── WORKING DATA

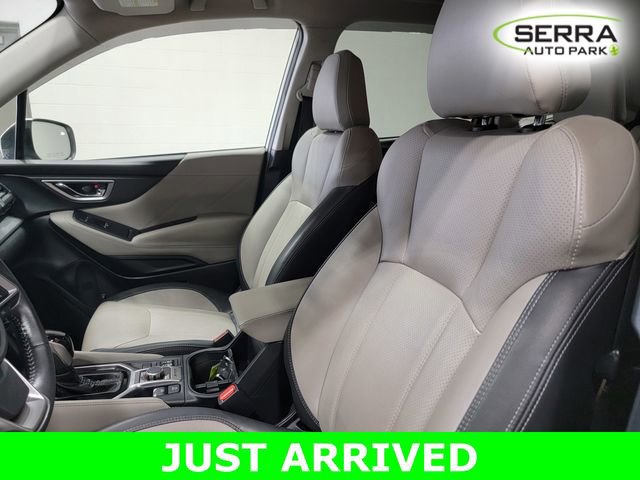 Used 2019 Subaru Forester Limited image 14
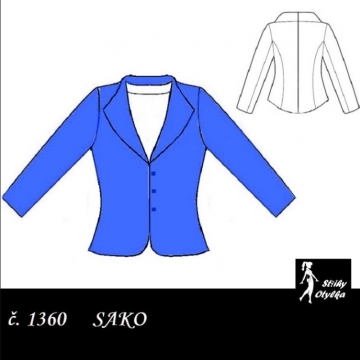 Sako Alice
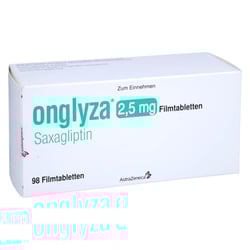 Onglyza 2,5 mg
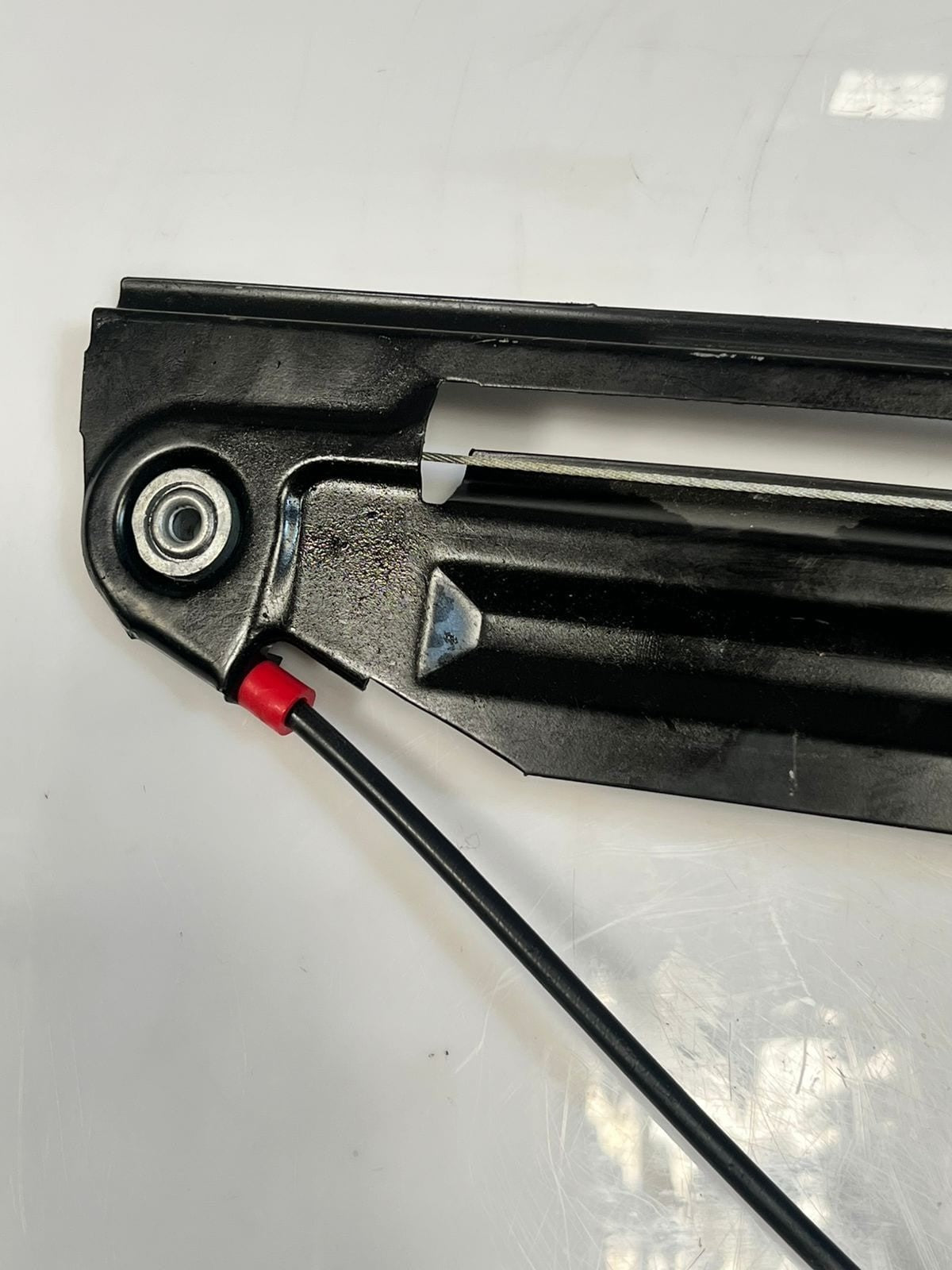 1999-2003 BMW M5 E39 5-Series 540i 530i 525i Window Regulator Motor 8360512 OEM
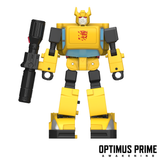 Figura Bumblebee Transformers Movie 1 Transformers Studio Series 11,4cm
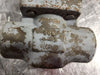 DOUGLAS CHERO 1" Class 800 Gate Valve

────
── WORKING DATA

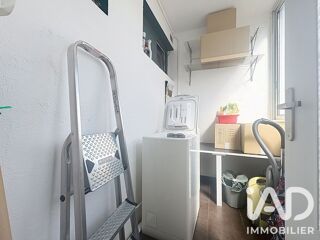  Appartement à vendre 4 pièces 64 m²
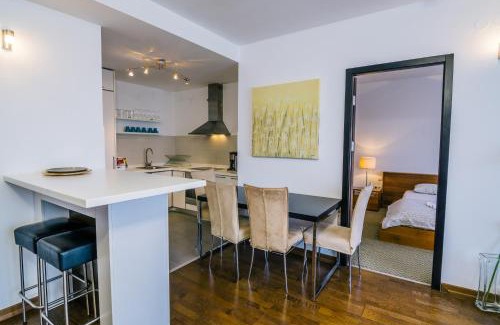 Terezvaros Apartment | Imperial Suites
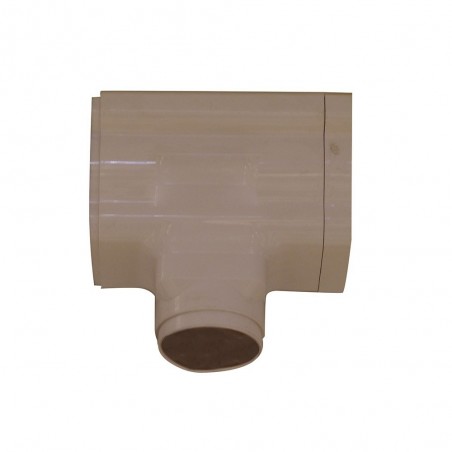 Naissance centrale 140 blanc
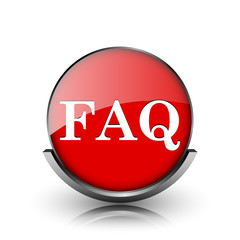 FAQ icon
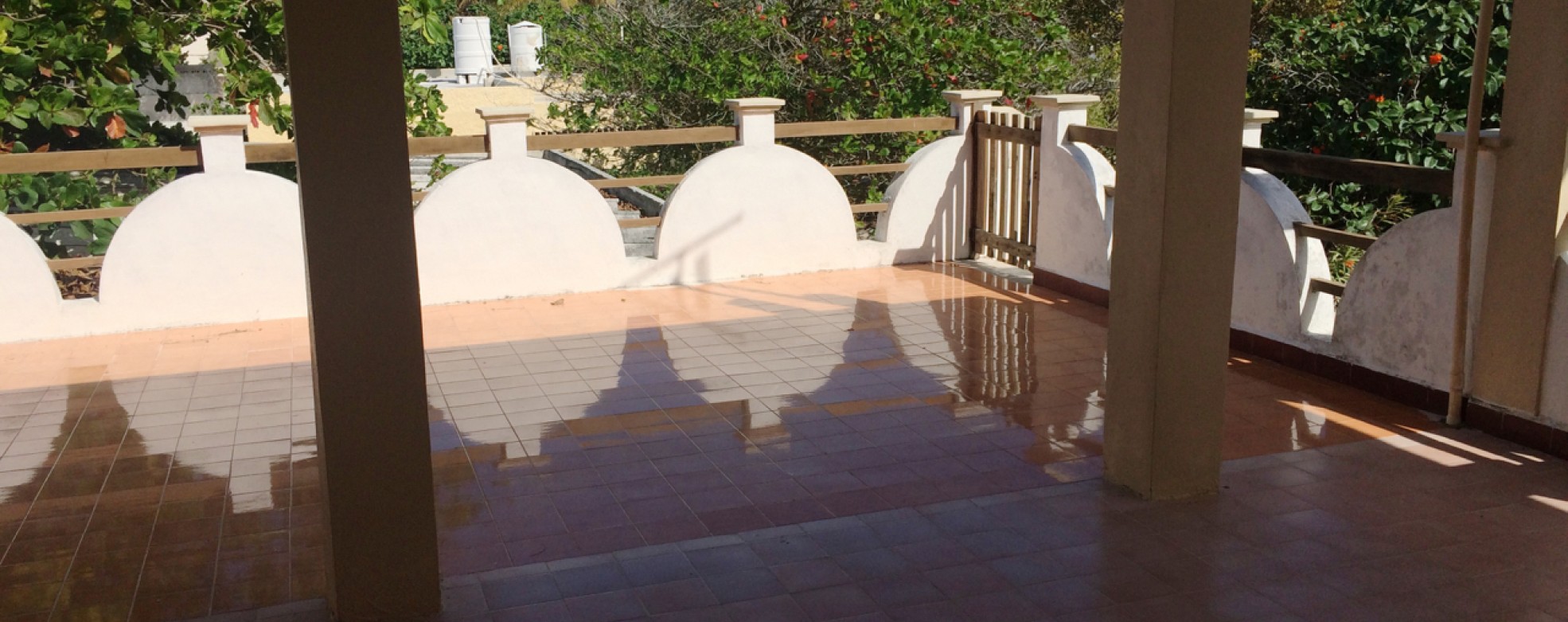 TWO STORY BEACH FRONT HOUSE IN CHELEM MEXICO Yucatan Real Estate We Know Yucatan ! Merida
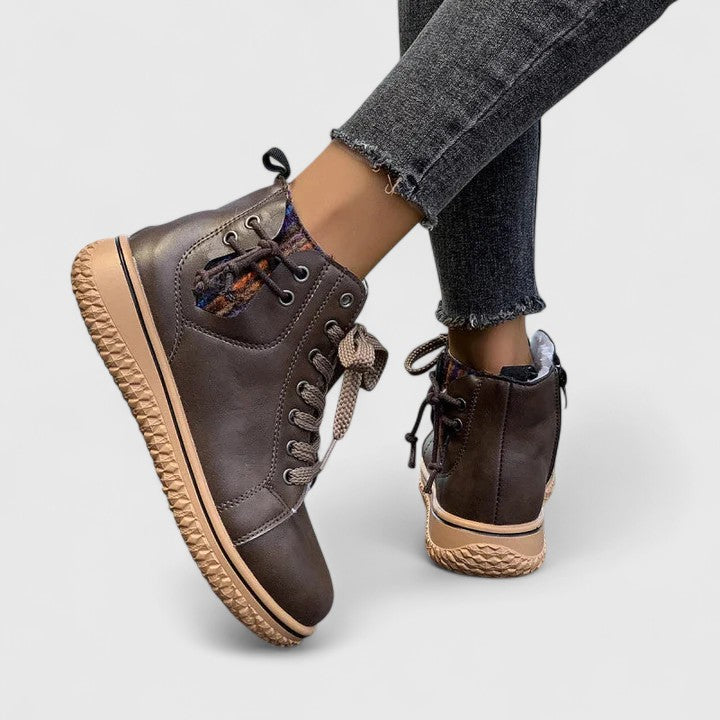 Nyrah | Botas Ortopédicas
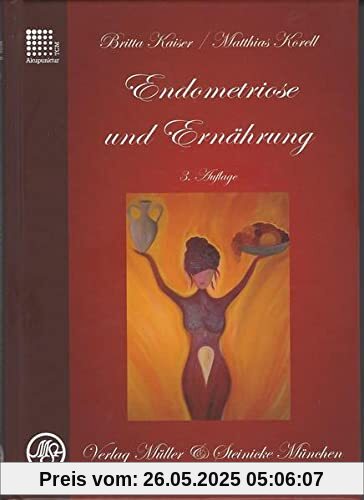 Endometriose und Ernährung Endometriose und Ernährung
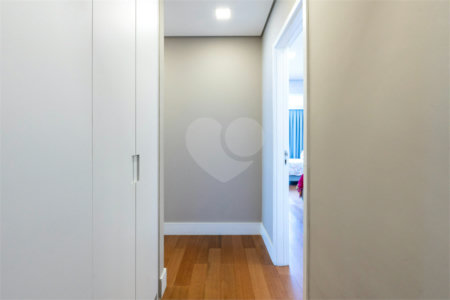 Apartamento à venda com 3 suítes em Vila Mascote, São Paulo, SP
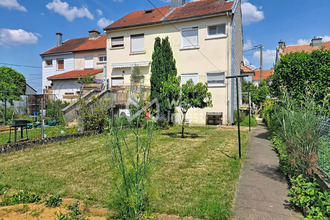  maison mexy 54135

────

**WORK TO BE COMPLETED**
Line for line, output the entries above from the line with "Terezvaros Apartment | Imperial Suites" to the line with "maison mexy 54135", both included, and nothing more. Skip pictures.

**RESPONSE FOR THIS EXERCISE**
 Terezvaros Apartment | Imperial Suites
 Naissance centrale 140 blanc
 FAQ icon
 TWO STORY BEACH FRONT HOUSE IN CHELEM MEXICO Yucatan Real Estate We Know Yucatan ! Merida
 Nyrah | Botas Ortopédicas
 Endometriose und Ernährung Endometriose und Ernährung
 Apartamento à venda com 3 suítes em Vila Mascote, São Paulo, SP
  maison mexy 54135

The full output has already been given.